23andMe Data Analysis

We develop and validate PRS for seven traits, including (1) heart metabolic disease burden, (2) height, (3) any cardiovascular disease (any CVD), (4) depression, (5) migraine diagnosis, (6) morning person, and (7) sing back musical note (SBMN) for EUR, African American (AFR), Latino (AMR), EAS, and SAS based on a large-scale dataset from 23andMe, Inc. We first conduct GWAS separately on the training dataset (70% samples) for each of the five ancestry groups, then apply the various methods to the generated GWAS summary-level association statistics and LD reference data from the 1000 Genomes Project. Within the remaining 30% of the samples, we use 20% to tune model parameters, train the SL in CT-SLEB and ME-Bayes SL, and the linear combination model in weighted PRS and PRS-CSx, then validate the predictive performance of the constructed PRS on the remaining 10% samples. We observe from our analyses on the other three datasets that ME-Bayes SL almost always outperforms the two alternative methods, ME-Bayes and weighted ME-Bayes, and thus for 23andMe data analysis, we only implement ME-Bayes SL but not the two alternative methods.
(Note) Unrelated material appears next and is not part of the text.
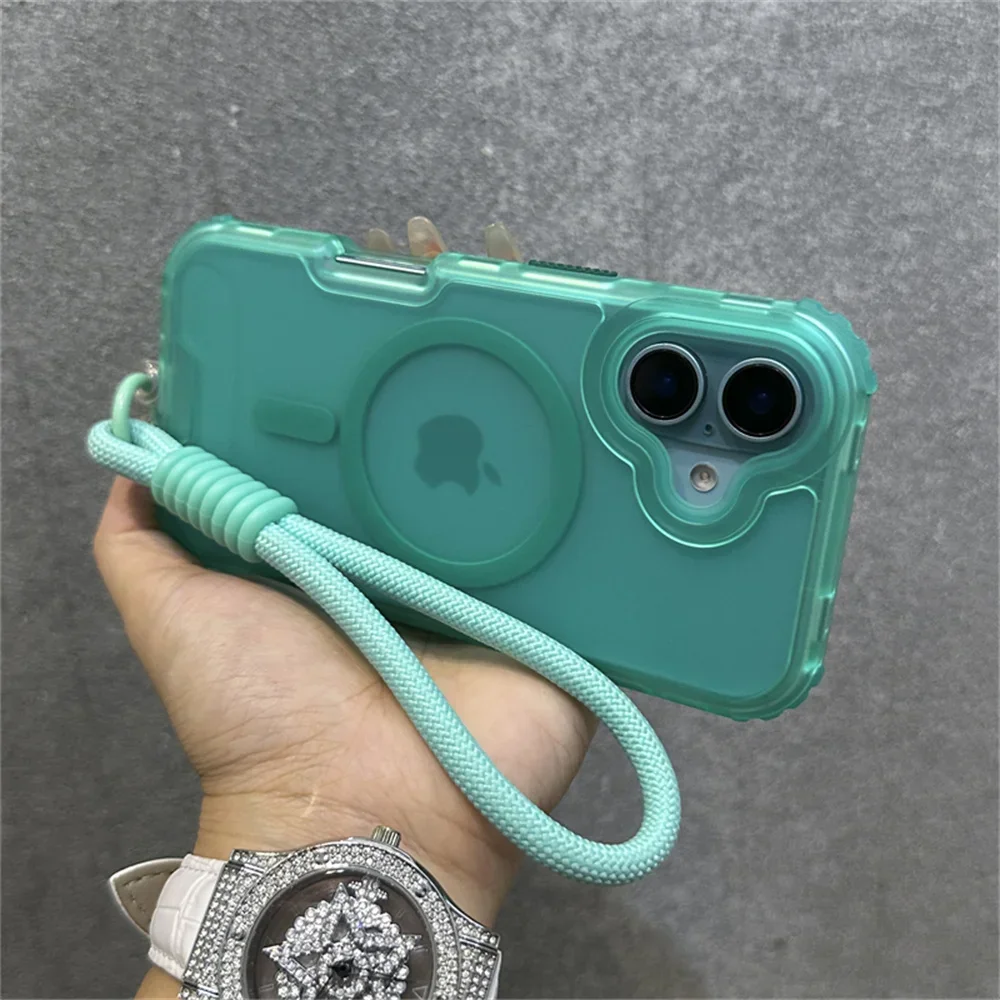 Luxuriöse Matte Panzerhülle für Magsafe Handyhülle für iPhone 17 18Pro 14 13 15 16Pro Max Bunte Handgelenkschlaufe Stoßfeste Abdeckung – Detail 5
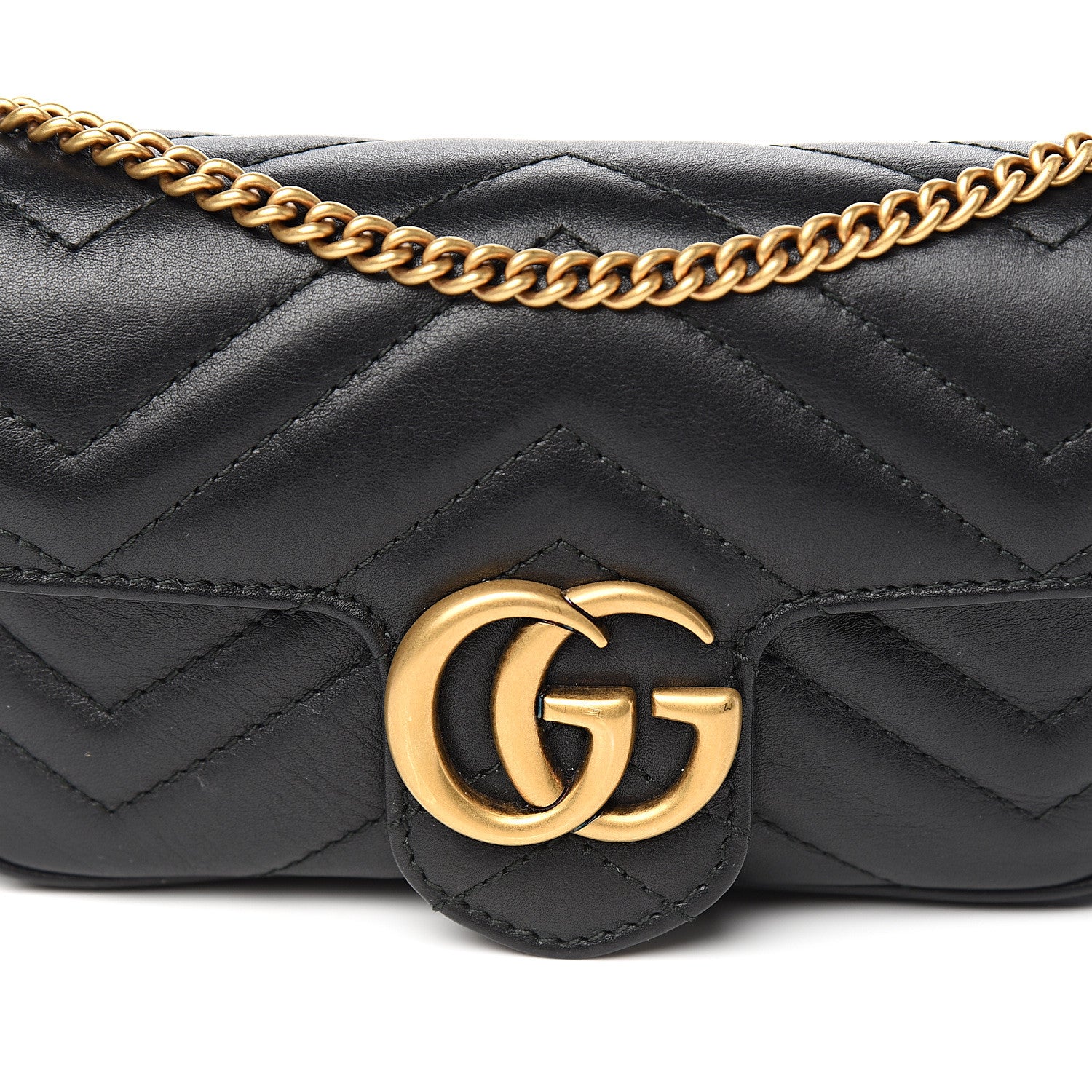 Gucci Calfskin Matelasse Super Mini GG Marmont Shoulder Bag Black 10 of 11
All GWAS analyses on the training data from 23andMe, Inc. were performed adjusting for age, sex, and the top 5 genetic PCs. Genotype data of unrelated individuals from 1000 Genomes project was used to estimate LD matrices. Detailed information on participant inclusion, genotyping, phenotyping, data imputation and quality control, removing related individuals, ancestry determination, and GWAS analysis is provided in Zhang et al. (2022)¹³. Ancestry- and trait-specific GWAS sample sizes, validation (tuning + testing) sample sizes, and the number of SNPs analyzed are reported in Supplementary Table 6.1. Based on the genomic inflation factor, no inflation is observed for the various ancestry-specific GWAS. The Manhattan plots and QQ plots are reported in Zhang et al. (2022)¹³. No inflation is observed given the genomic inflation factor. Heritability of the four traits in EUR is estimated using LD score regression (Zhang et al., 2022)¹³. All GWAS summary statistics went through the same quality control steps as in PAGE + UKBB + BBJ data analysis as well as one more step where we further remove SNPs with a GWAS sample size less than 90% of the total GWAS sample size. The residual ${\mathrm{R}}^2$ for the two continuous traits were calculated by first regressing each trait on covariates including age, sex, and the top 5 genetic PCs, and then calculating the proportion of variation of the residual explained by the PRS. The residual AUC for the five binary traits were calculated using the “roc.binary” function in the R package RISCA version 1.0171 adjusting for the same set of covariates adjusted for the continuous traits.